Por la gracia de la Poderosa y Salvadora encontramos a la cocinera, nerviosa e indemne, en la alacena donde se escondió.
El Sol vuelve a aparecer, sonriendo como la verdad, y para ser el centro de Inglaterra y finales de septiembre, sabe a verdadero portento.
Bajo el palio de su luz Charo y Anibal regresan de donde la Que Dirige les haya llevado.
Los niños, su madre, el abuelo Starley,... su hija Laura, nos miran con la bendición de la comprensión y el agradecimiento y el desvelo sutil que otorga la herencia de calladas historias familiares, sueños inquietos y un siglo de intuiciones que no se desvanecen bajo la huella del bisabuelo Hubert Bradfield.
También Joseph nos contempla, desde la profusión de la fascinación y la admiración y solo la Dadora de Luz sabe con certeza que otras maravilladas sensaciones mas recorren el brillo de sus ojos. Sonríe, tenuemente, como debe ser una sonrisa en este momento.

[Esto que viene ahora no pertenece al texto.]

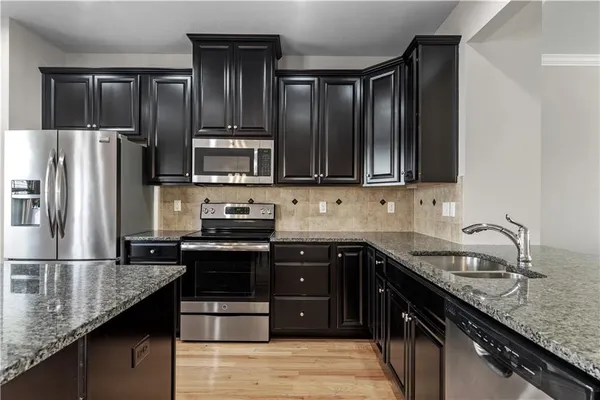 $2,800 | 410 Fairmont Drive, Warrendale, PA 15086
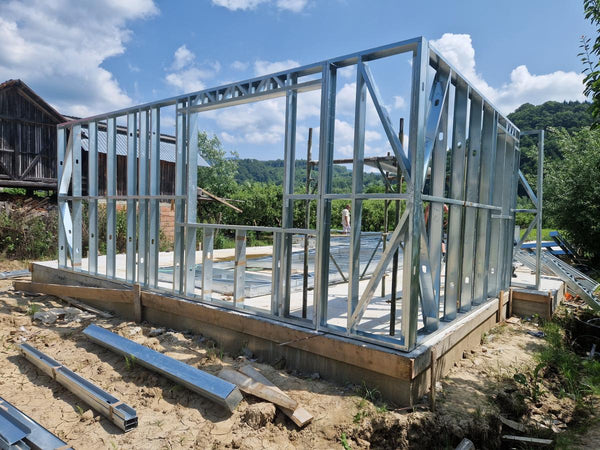 Montaj structura metalica proiect de casa cu etaj 206 mp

Dentro de mi también hay regocijo, él que se alegra de que todos los que pudimos proteger están vivos y que hayamos podido expoliar la niebla de nuevo y, aunque lo quiero expresar lo reservo, hasta que pueda mostrarlo con la sonrisa serena que aparcera cuando concluya el penúltimo paso.

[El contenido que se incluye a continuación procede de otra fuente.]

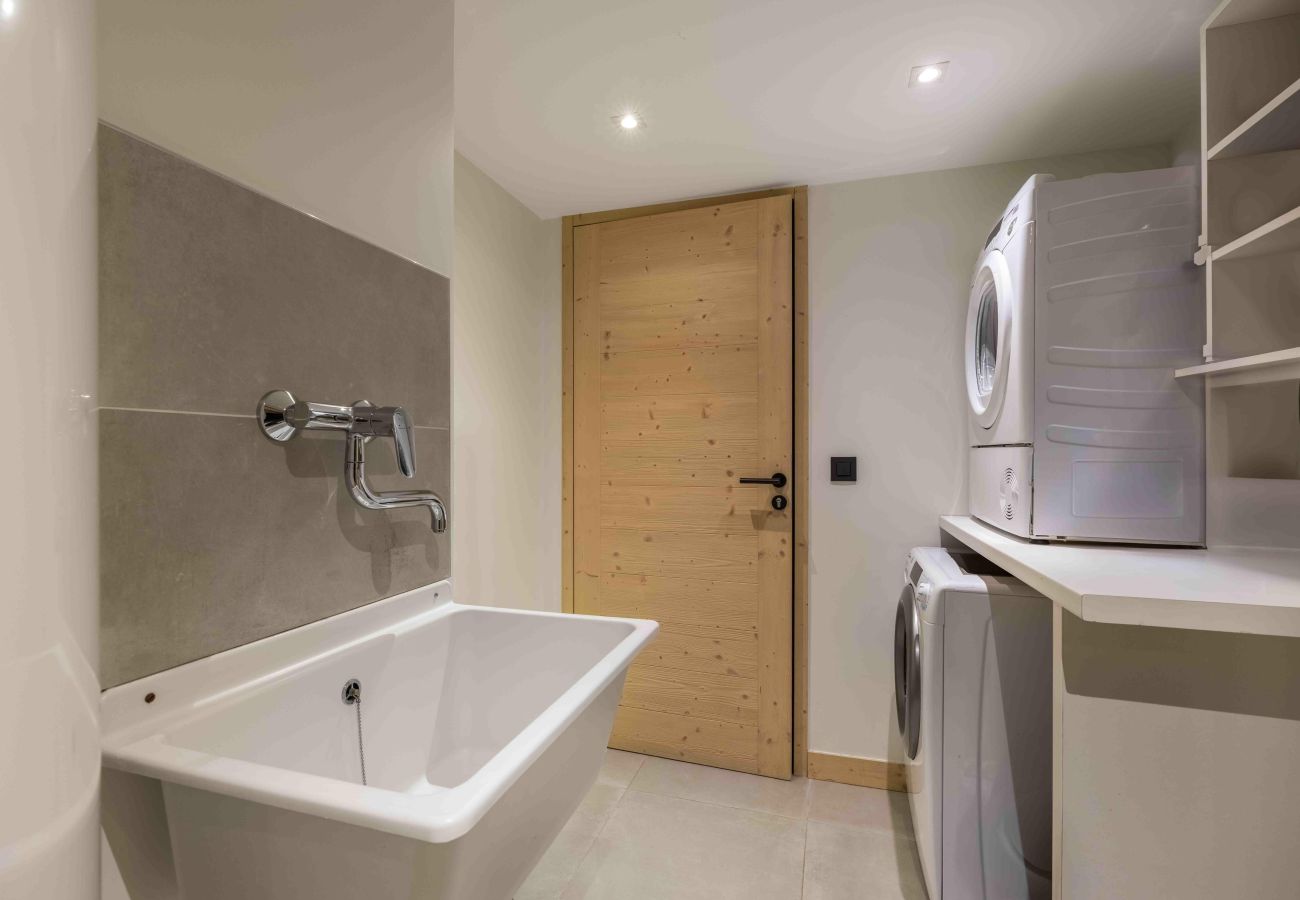 Chalet in Méribel - Winter Meribel -- Le  Ravissant,  coeur de village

No evitara que me este traicionando el brillo de mis ojos pero aun queda ese penúltimo paso.
Un ultimo Maldito resta en estos terrenos; el mismo que fue el primero en hollarlos.
Que si todos las pistas e instintos no se equivocan esta hacia poniente, oculto en la misma hacienda.
Ese maldito el cual hace surgir ese pero que acompaña a todas las respuestas que le apuntan.
Quien recopilo a Tamiris.
Quien se hizo un Usurpador.
Quien no borro su descubrimiento.
Quien desapareció hace mas de ochenta años.
Quien sus iguales buscan con pasión y vigilan.
Quien no ha muerto aun.
Muchas preguntas.
Básicamente una.
¿Quien?
Muchas posibles respuestas me bullen sobre lo que esta pasando.
Pero, sinceramente, ninguna tan buena como la Verdad Real.